Er begehrt daher mit der am 21. Juli 2010 beim Erstgericht eingelangten Klage die Feststellung, dass die geltend gemachte Masseforderung - und zwar die Einkommensteuer des Schuldners für den Zeitraum vom 1. Jänner 2009 bis 18. März 2009 (vom Masseverwalter mit 8.564,54 EUR unter Berücksichtigung der Vorauszahlung beziffert) - im Konkursverfahren keine Masseforderung iSd § 46 KO darstelle.

Nach ständiger oberstgerichtlicher Rechtsprechung komme es für die insolvenzrechtliche Qualifikation von Abgabenforderungen nicht auf das Entstehen oder die Fälligkeit der Steuerschuld auf der Grundlage eines abgabenrechtlichen Sachverhalts an; vielmehr sei die Verwirklichung des Sachverhalts selbst maßgeblich. Demgegenüber stehe die Abgabenbehörde auf dem Standpunkt, dass die gesamte Einkommensteuerschuld für das Jahr 2009 als Masseforderung zu qualifizieren sei. Der Kläger als Masseverwalter habe ein dringendes rechtliches Interesse an der begehrten Feststellung.
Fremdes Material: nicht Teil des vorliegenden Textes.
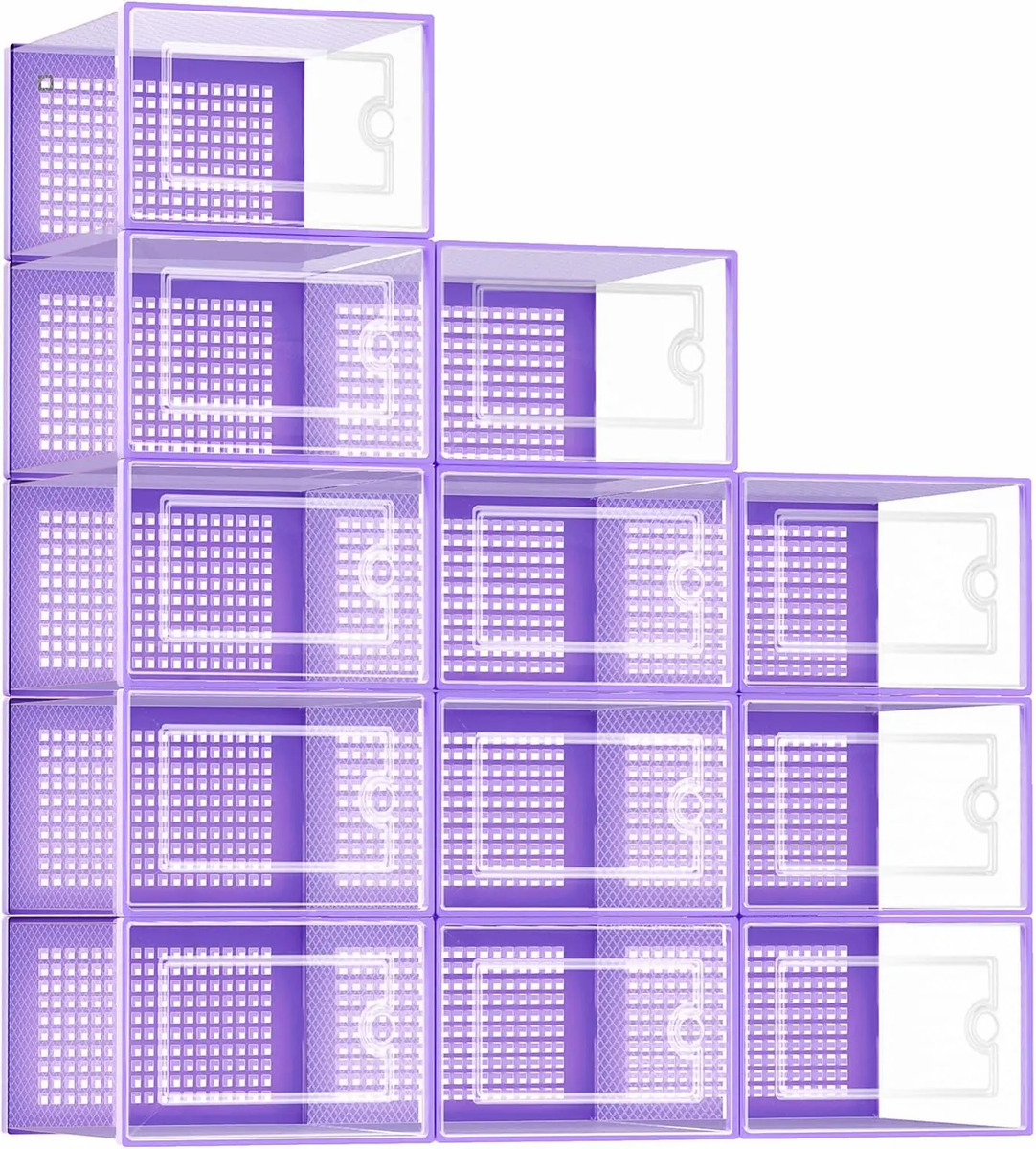 Organizadores Kuject, 12 Cajas Transparentes Con Tapas Morad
Nur wenn klar festgestellt werde, dass die Einkommensteuer für den Zeitraum zwischen dem 1. Jänner und dem 18. März 2009 eine Konkursforderung darstelle, könne der Masseverwalter im anhängigen Insolvenzverfahren den Massestand ordnungsgemäß und richtig berichten. Die Feststellung, ob die von der beklagten Partei geltend gemachte Abgabenforderung Konkurs- oder Masseforderung sei, falle in die Kompetenz des Konkursgerichts.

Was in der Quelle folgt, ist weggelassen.